Un restaurant Burger King israélien en 1999, avant que la franchise ne fasse faillite.

Un restaurant Burger King israélien en 1999, avant que la franchise ne fasse faillite. - Menahem Kahana - AFP

Six ans après avoir quitté la Terre promise, le géant du fast-food devrait rouvrir un premier restaurant à Tel Aviv en février. Comme à Paris, la chaîne mise sur la communication pour créer l'engouement.

Burger King veut croire que son départ voici six ans d'Israël n'était qu'un au revoir. Et l'éternel rival de McDonald's mise pour cela sur la même recette qui a bâti le succès de son retour en France, où la queue ne désemplit toujours pas devant le restaurant de Gare Saint-Lazare. Le groupe évoque son retour depuis 2013, annonçant l'ouverture d'un restaurant l'été prochain, puis celui d'après, puis… Finalement, il semble que cette fois soit la bonne. Le groupe a placardé à Tel Aviv des affiches proclamant "le retour du roi" au pays du King David. Une vaisseau amiral doit être ouvert en février 2016 dans la capitale.
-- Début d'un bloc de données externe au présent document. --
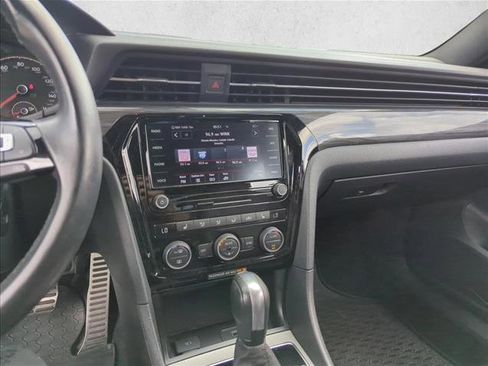 Used 2022 Volkswagen Passat 2.0T R-Line image 14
La franchise en faillite en 2010

Un retour en grande pompe pour la chaîne, dont le premier restaurant vendant des Whopper casher a ouvert en 1993. Mais dix ans plus tard, les détenteurs de la franchise se retrouvent endettée à hauteur de 27 millions de dollars. Ils se déclarent en faillite en 2010. Ses 52 restaurants sont transformés en Burger Ranch, une chaîne israélienne de fast-food, elle aussi en faillite, rachetée juste avant par Orgad Holdings.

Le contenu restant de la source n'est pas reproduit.